Well spoken my boy. And it is these qualities that would, as they say, 'define character?' Ah yes, jolly good. Why a true character, be they a noble hero, a dastardly villain or a lowly amish farmhand, longing for a life he will most likely never see, with fast cars, women and running water is forged by their decisions of what characteristics to adopt into their own personal character.
I'm inclined to agree with you mate, but it may not be as simple as that.
What say you? That a man doesn't forge his character through experience and the decisions he makes?
Precisely. Well, very nearly. I concur in that experiences are necessary to build character, but in terms of which characteristics stay and go, I might argue that it is not by our own choice but by circumstances that arise around us. Of course we can impact the encounters, like spilling a drink on a friends white shirt, but the weight of our particular impact varies. Obviously in the former example one can make a large difference, but in the case of say, a twister, you don't stand much chance of affecting it.
Unless you're Helen Hunt.
Of course.
I think I understand what you're saying. In reference to our character, what defines who we are, it isn't entirely up to us who we are, or become.
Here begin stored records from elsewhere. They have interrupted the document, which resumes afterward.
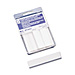 C Line 87447 Self-Adhesive Shelf Label Strip w/ Insert, 10/BX, 4'' x 7/8'', WE, CLI87447, CLI 87447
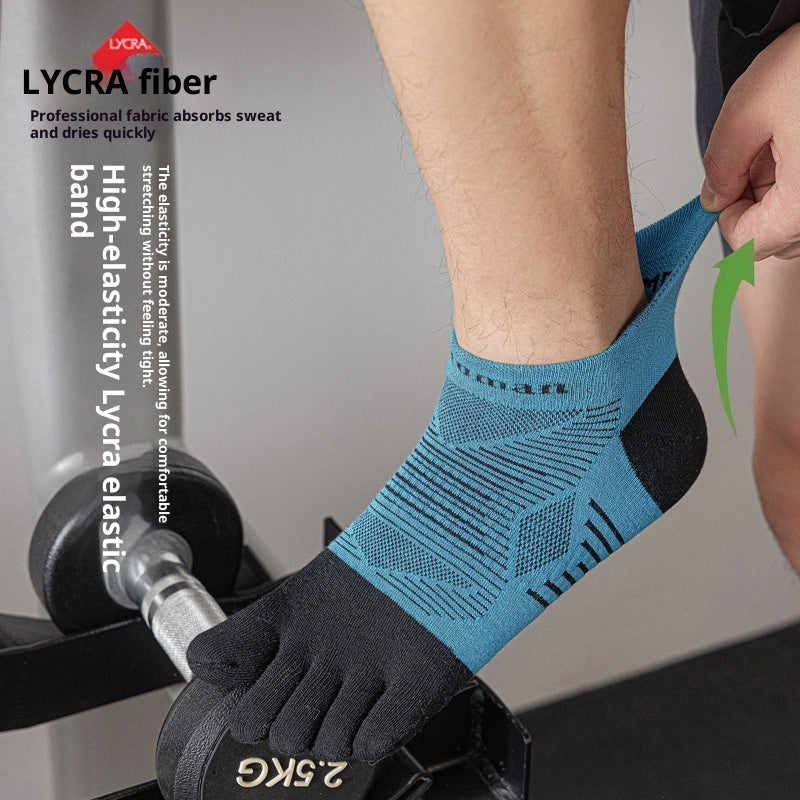 Running Tier Wear-resistant Thin Quick-drying Split Toe Athletic Socks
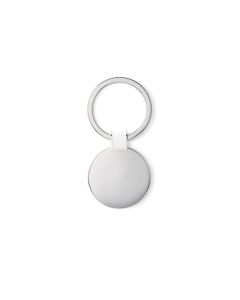 ROUNDY Shiny Metal Keyring Round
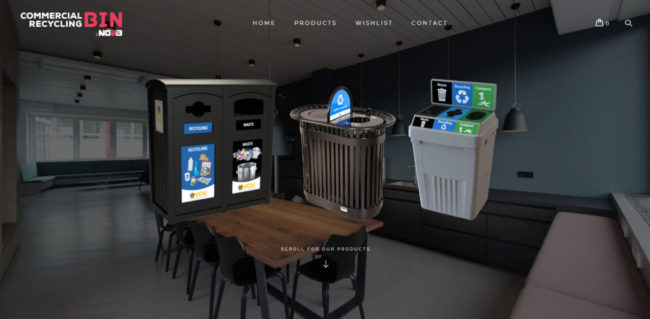 commercial recycling bin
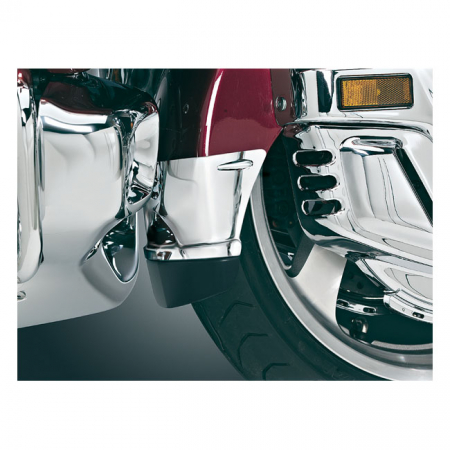 KURYAKYN, FRONT FENDER EXTENSION WITH MUD FLAP, CHROME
Some things will always just be a certain way, some things are hereditary, one might say, or circumstantial, out of your hands, part of the bigger picture. I can't say I like the sound of that though. I prefer to believe that who I am is entirely up to me.
Well, let's say you felt like you should be able to fly. That isn't really up to you, is it?
No.
Or if you're a crack baby. You can't un-loserify your mom, you dig?
I concede that yes, certain things that may define your character aren't up to you, they just *are*, but what about everything else. Decision has to come into it somewhere.
Maybe we're just all, depending on how we're built, quite literally, inclined to make certain decisions in one favor. For example, a psychopath is built a little different, has different psychotic tendencies. Like hands in jars and stuff. Okay, so I'm just making that up, but there are psychotic tendencies.
That makes sense. A child growing from infancy to adolescence, however, must be considered 'under construction', as their decision-making-skills have yet to be developed. Anything that impacts them there will play a part in his character, or his character's tendencies at the very least.
Yes, yes, I can see what you mean. Picture it, I mean. Cool. Well, my brain doesn't want to think anymore, so it's time I wrap this up. Good talk British-Mind-Jordan.
Splendid. Cheerio.
So yeah, I'm a little out of it. But I am moving forward and onward, ever braving the torrid waters of Sedah. Their murky depths a freezing, crashing malevolence the likes of which none have ever faced and lived. But hezaah I say. Hezaah! Stand ground, let this grotesque stream break upon my chest, refresh my stolid expression and finally wash about my ankles, broken, a stream of shame.

I just wanted to write. There's nothing of the offensive nature in here, if anything appears that way. Whatever, you catch me. I have to start doing this more often. I don't know what this blog has become. But it's here. And it's caught in the web, caught fast.